Since that time I have spent many hours practicing and taking lessons with Michael, under whose masterful tutelage I have been lucky enough to learn. In playing I hope to convey some of the joy and the wonder that I feel everytime I pick up the shakuhachi and think back on how it is that I got to be where I am.
In view of the fact that the closest shihan to my home in Adelaide, South Australia, is located in Melbourne, Victoria, 725 kilometres (i.e., 450 miles) away; occasional shakuhachi lessons were only available from performers passing through on tour or at Australian Shakuhachi Festivals held (always in the eastern states) every 18 months or so: Hence the opportunity to take lessons from Dai Shihan Michael Chikuzen Gould via webcam since September 2007 has been a major turning-point in my shakuhachi journey.

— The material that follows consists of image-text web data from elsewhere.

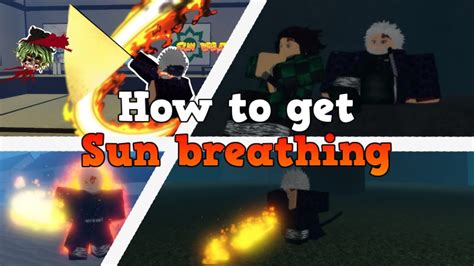 How to get Sun Breathing in Demonfall.If you'd like to support me subscribe and buy my merch on my Roblox group.Link to Roblox group: https://www.roblox.com/.... 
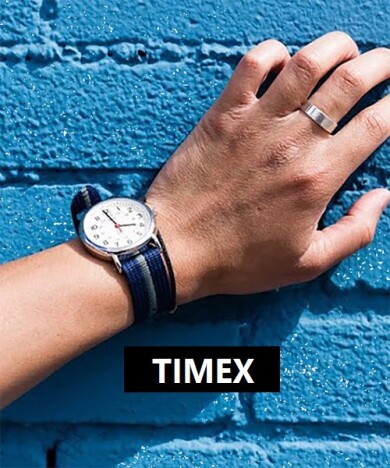TIMEX-タイメックス-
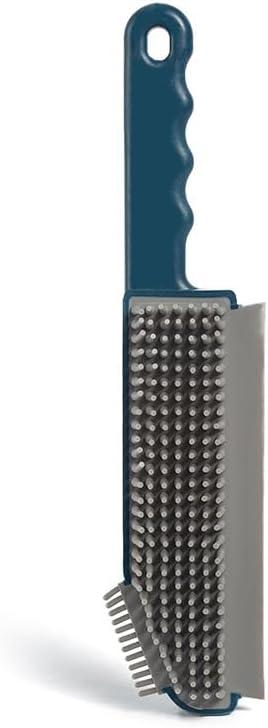 3 in 1 Tile Window Groove Gap Cleaning Brush LASATECH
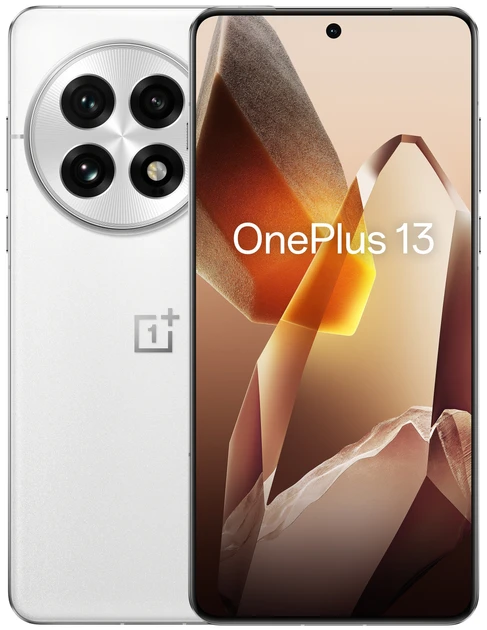 Смартфон OnePlus 13 12/256GB Arctic Dawn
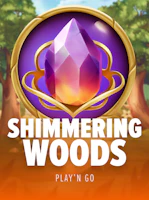 The Shimmering Woods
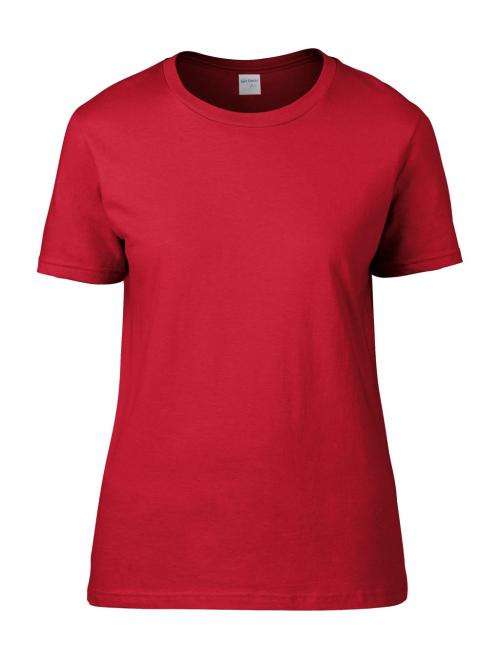PREMIUM COTTON® LADIES' T-SHIRT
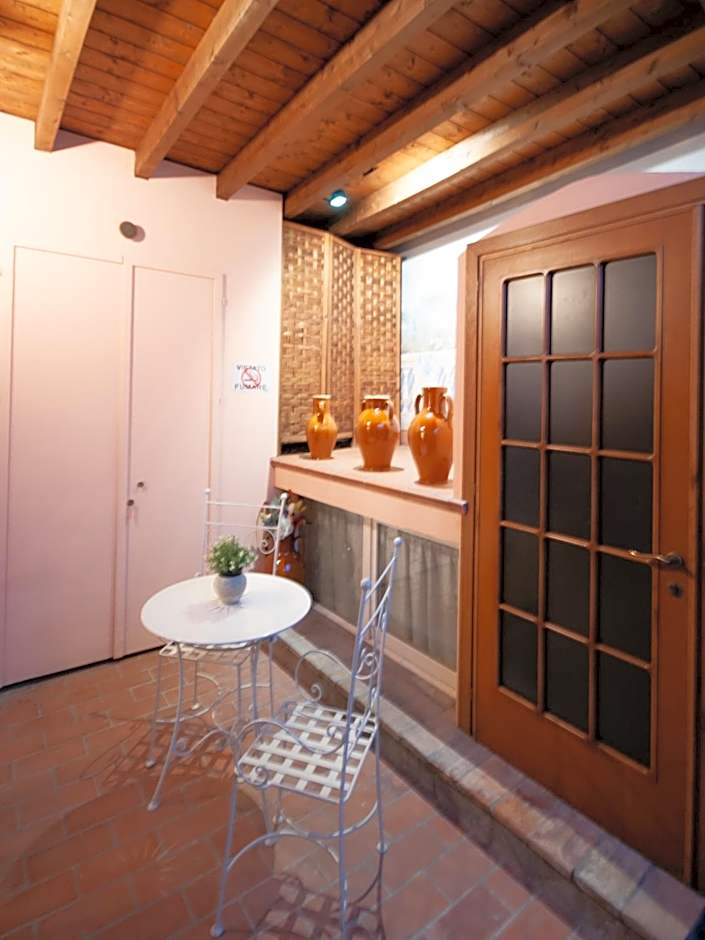 Mondo Antico B&B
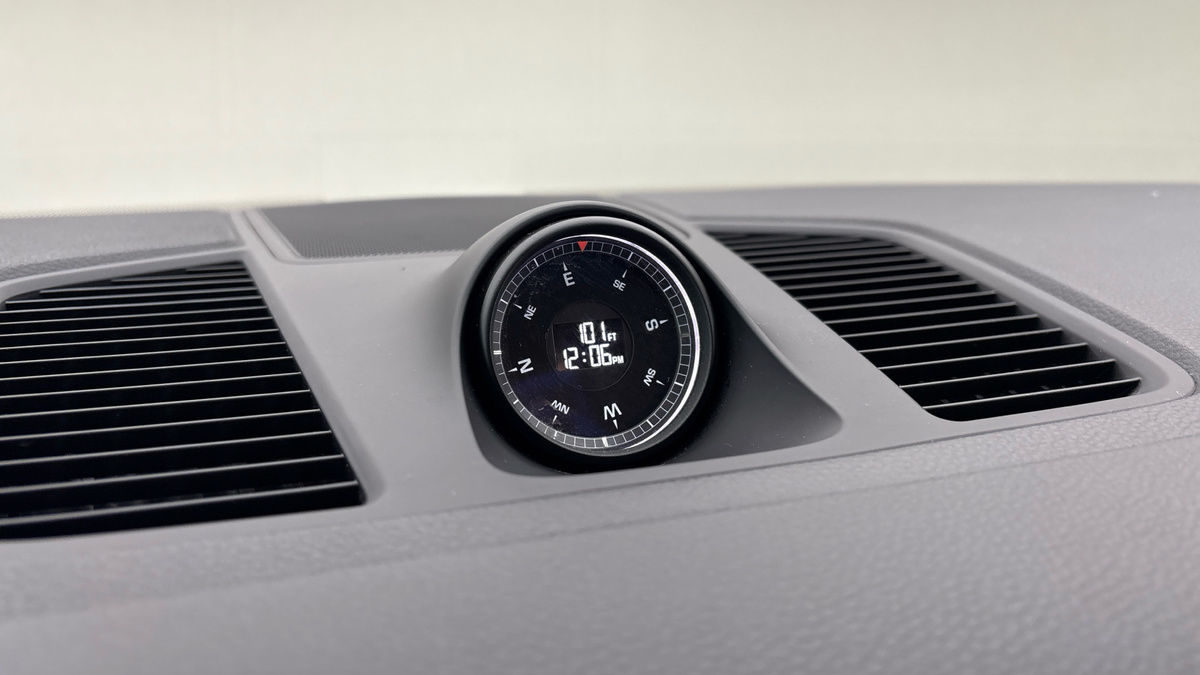 Used Porsche Cayenne 2022 for sale - 77342444: Photo 25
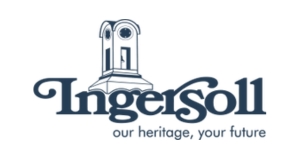 Ingersoll Bronze Sponsor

Internet lessons mean that it is of no significance whatsoever that Cleveland Heights is more than 16,000 kilometres (10,000 miles) from Adelaide.
As a “senior citizen”, I particularly appreciate Michael’s skill in imparting concepts, however complex, in simple terms through good-natured guidance and patience: An “old dog” can be taught “new tricks” when he has the right teacher!
There's something in the sound of the shakuhachi that seems to touch deep with-in; to resonate with our very existence. It's this resonance that first drew me to the shakuhachi. I assumed that if listening to the flute produced such a dramatic effect, then playing it must be incredible.
In January 2004, I sought out and found Chikuzen sensei, starting down the path that I currently find myself on. Ever since that first fateful lesson, I've been completely hooked. Shakuhachi is 100% addictive!
My first encounter with the shakuhachi was the result of a tourist whim on a trip to Hawaii. While driving to the top of Haleakalā, the East Maui Volcano, I stopped at a gift shop and discovered the music of Riley Lee on a CD called Maui Morning. I was immediately drawn to the haunting sounds of the bamboo flute and impressed with the color palette available to such a (deceptively) simple instrument. When I learned that the complexity of shakuhachi history rivals that of its sound, I became hooked and scouted out a way to study with a professional. Opportunities in my area were non-existent, so I turned to the Internet and Michael Chikuzen Gould for help. Thus began shakuhachi lessons via webcam in March 2009.
I currently work as a sheet music engraver and composer. I look forward to applying what I learn of shakuhachi music and Japanese aesthetics in future compositions.